This looks related to this one, but it's somewhat different.
There is this WAN link between two company sites, and we need to transfer a single very large file (Oracle dump, ~160 GB).
We've got full 100 Mbps bandwidth (tested), but looks like a single TCP connection just can't max it out due to how TCP works (ACKs, etc.). We tested the link with iperf, and results change dramatically when increasing the TCP Window Size: with base settings we get ~5 Mbps throughput, with a bigger WS we can get up to ~45 Mbps, but not any more than that. The network latency is around 10 ms.
Out of curiosity, we ran iperf using more than a single connections, and we found that, when running four of them, they would indeed achieve a speed of ~25 Mbps each, filling up all the available bandwidth; so the key looks to be in running multiple simultaneous transfers.
With FTP, things get worse: even with optimized TCP settings (high Window Size, max MTU, etc.) we can't get more than 20 Mbps on a single transfer. We tried FTPing some big files at the same time, and indeed things got a lot better than when transferring a single one; but then the culprit became disk I/O, because reading and writing four big files from the same disk bottlenecks very soon; also, we don't seem to be able to split that single large file into smaller ones and then merge it back, at least not in acceptable times (obviously we can't spend splicing/merging back the file a time comparable to that of transferring it).
The ideal solution here would be a multithreaded tool that could transfer various chunks of the file at the same time; sort of like peer-to-peer programs like eMule or BitTorrent already do, but from a single source to a single destination. Ideally, the tool would allow us to choose how many parallel connections to use, and of course optimize disk I/O to not jump (too) madly between various sections of the file.

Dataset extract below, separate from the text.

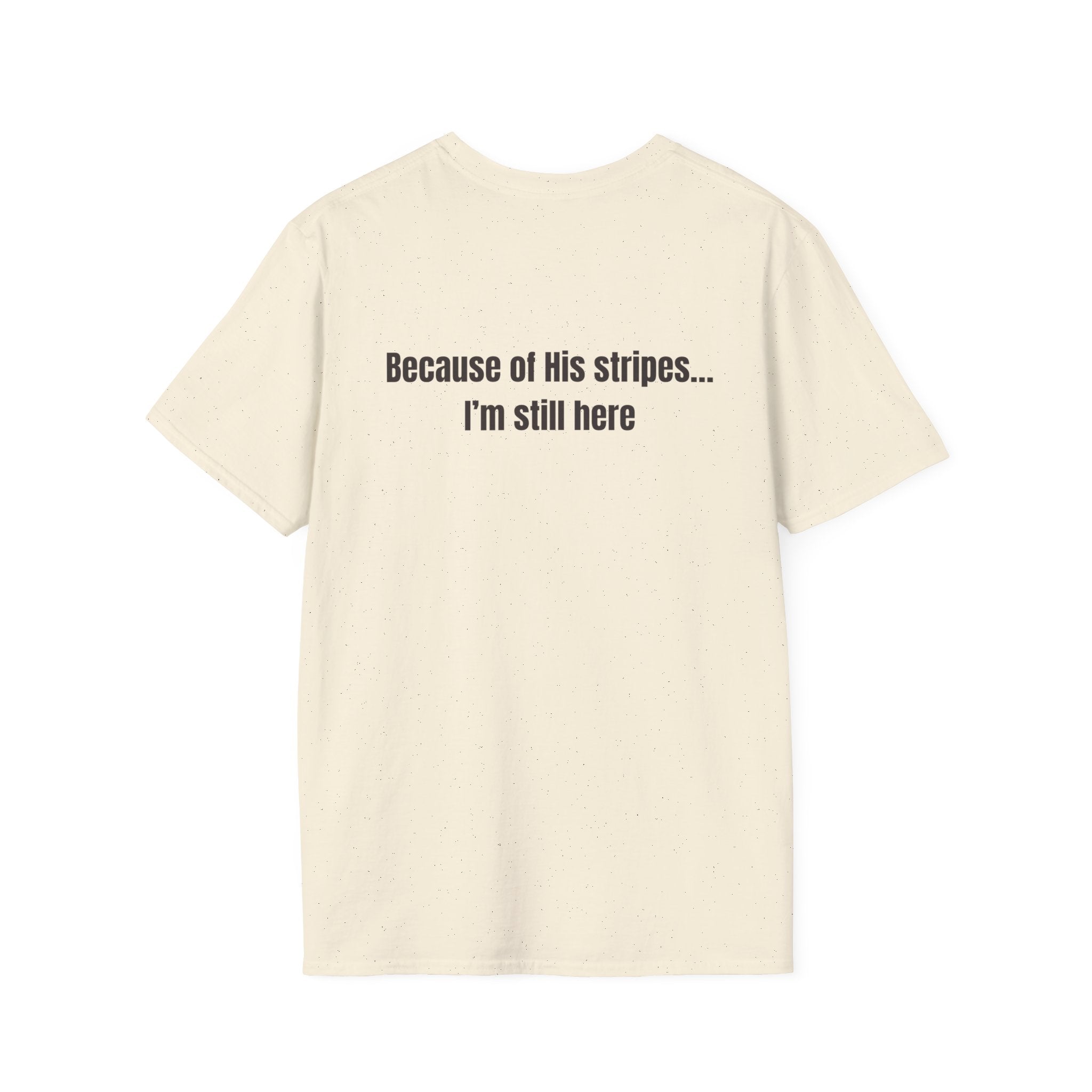 Jesus with Crown of Thorns T-Shirt | Because of His Stripes religious tee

Does anyone know of such a tool?
Or, can anyone suggest a better solution and/or something we already didn't try?
P.S. We already thought of backing that up to tape/disk and physically sending it to destination; that would be our extreme measure if WAN just doesn't cut it, but, as A.S. Tanenbaum said, "Never underestimate the bandwidth of a station wagon full of tapes hurtling down the highway."
Searching for "high latency file transfer" brings up a lot of interesting hits. Clearly, this is a problem that both the CompSci community and the commercial community has put thougth into.
A few commercial offerings that appear to fit the bill:
FileCatalyst has products that can stream data over high-latency networks either using UDP or multiple TCP streams. They've got a lot of other features, too (on-the-fly compression, delta transfers, etc).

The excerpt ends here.